7.1. Introdução

A figura da responsabilidade tributária está diretamente relacionada com a sujeição passiva, ou seja, a figura do contribuinte e do responsável tributário.

Art. 128. Sem prejuízo do disposto neste capítulo, a lei pode atribuir de modo expresso a responsabilidade pelo crédito tributário a terceira pessoa, vinculada ao fato gerador da respectiva obrigação, excluindo a responsabilidade do contribuinte ou atribuindo-a a este em caráter supletivo do cumprimento total ou parcial da referida obrigação.

Desta forma, precisamos entender que quando falamos em responsabilidade tributária, há a necessidade de expressa previsão legal (uma vez que o responsável tributário é sempre definido por lei).

 

7.2. Responsabilidade por transferência (derivada)

A responsabilidade por transferência pode ser dividida em 03 subconjuntos: por sucessão, por solidariedade e de terceiros.

 

7.2.1. Responsabilidade por sucessão

Ela está prevista nos artigos 129 a 133 do CTN e diz respeito à responsabilidade adquirida quando há o falecimento de alguém, quando há a fusão, transformação, incorporação ou extinção de pessoas jurídicas.

De acordo com o artigo 131 são pessoalmente responsáveis o adquirente ou remitente, pelos tributos relativos aos bens adquiridos ou remidos; o sucessor a qualquer título e o cônjuge meeiro, pelos tributos devidos pelo de cujus até a data da partilha ou adjudicação, limitada esta responsabilidade ao montante do quinhão do legado ou da meação e o espólio, pelos tributos devidos pelo de cujus até a data da abertura da sucessão.

Vejam que estas situações estão diretamente relacionadas com o falecimento de alguém que possui bens para serem transmitidos por herança.

Seguindo, o artigo 132 do CTN define que a pessoa jurídica de direito privado que resultar de fusão, transformação ou incorporação de outra ou em outra é responsável pelos tributos devidos até à data do ato pelas pessoas jurídicas de direito privado fusionadas, transformadas ou incorporadas.

Ou seja, caso a empresa Alfa adquirir a companhia Beta por meio de, por exemplo, fusão, em 15/10/X1 será ela, a empresa Alfa, responsável tributária por todos os tributos devidos e que estejam pendentes de pagamento pela companhia Beta.

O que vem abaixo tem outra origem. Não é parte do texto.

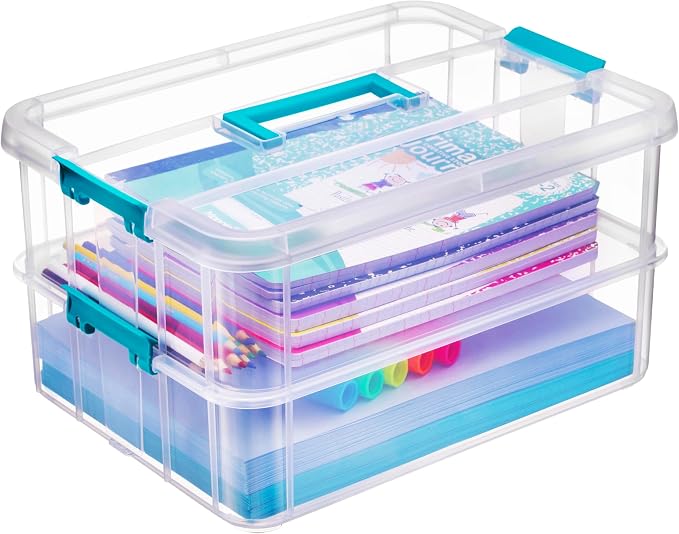 Tribello Craft Box & Art Supply Storage Organizer – Stackable Art Organizer and Craft Storage Box with Handle, 2-Layer Clear Art Supplies Organizer (14 x 10 x 7)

O STJ também se manifestou sobre o tema por meio da Súmula nº 554:

Súmula n. 554 STJ: “Na hipótese de sucessão empresarial, a responsabilidade da sucessora abrange não apenas os tributos devidos pela sucedida, mas também as multas moratórias ou punitivas referentes a fatos geradores ocorridos até a data da sucessão.”

Vamos resolver mais algumas questões e ver como isso é exigido em provas da OAB?

Como cai na prova?

1 - (FGV – OAB – XXXIII Exame / 2021) Panificadora Pães Fofos Ltda., tendo como sócio-administrador José, alienou seu fundo de comércio à Panificadora Flor de Lisboa Ltda., deixando de atuar comercialmente. Contudo, 9 meses após a alienação do fundo de comércio, a Panificadora Pães Fofos Ltda. alugou um novo ponto comercial e retornou às atividades de panificação.

Diante desse cenário, assinale a afirmativa correta.

A) A Panificadora Flor de Lisboa Ltda. responde, integralmente, pelos tributos relativos ao fundo adquirido, devidos até à data do ato de aquisição.

B) Ambas as panificadoras respondem, solidariamente, pelos tributos relativos ao fundo adquirido, devidos até à data do ato de aquisição.

C) A Panificadora Pães Fofos Ltda. responde, subsidiariamente, pelos tributos relativos ao fundo adquirido, devidos até à data do ato de aquisição.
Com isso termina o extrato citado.